> [SUPPLIED MATERIAL]:
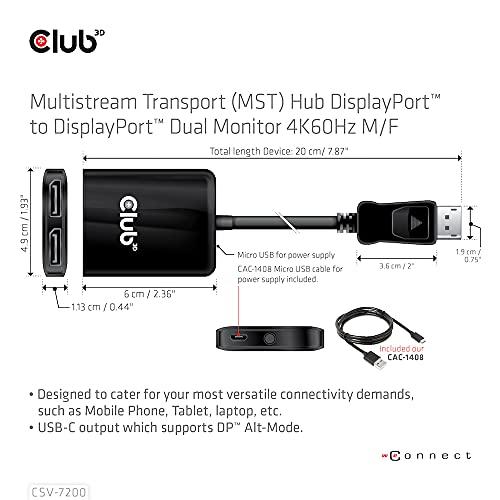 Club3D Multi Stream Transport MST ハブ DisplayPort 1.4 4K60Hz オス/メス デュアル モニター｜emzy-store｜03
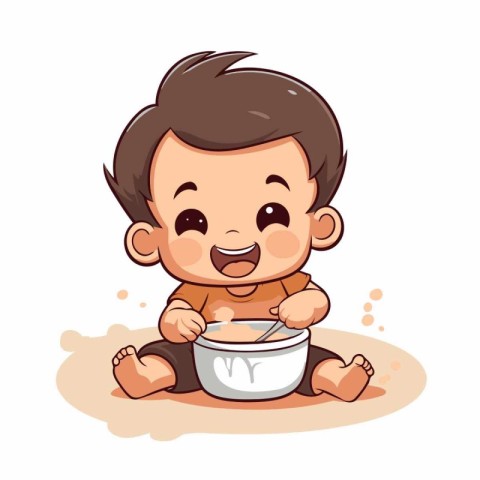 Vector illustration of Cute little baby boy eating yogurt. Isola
---
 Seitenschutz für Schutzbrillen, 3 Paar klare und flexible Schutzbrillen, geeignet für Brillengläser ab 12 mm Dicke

> [WORK TO BE COMPLETED]:
From the records above, transcribe only the stretch from the line with "Club3D Multi Stream" through the line with "Vector illustration of", keeping both ends. Omit pictures.

> [THE ANSWER]:
 Club3D Multi Stream Transport MST ハブ DisplayPort 1.4 4K60Hz オス/メス デュアル モニター｜emzy-store｜03
 Vector illustration of Cute little baby boy eating yogurt. Isola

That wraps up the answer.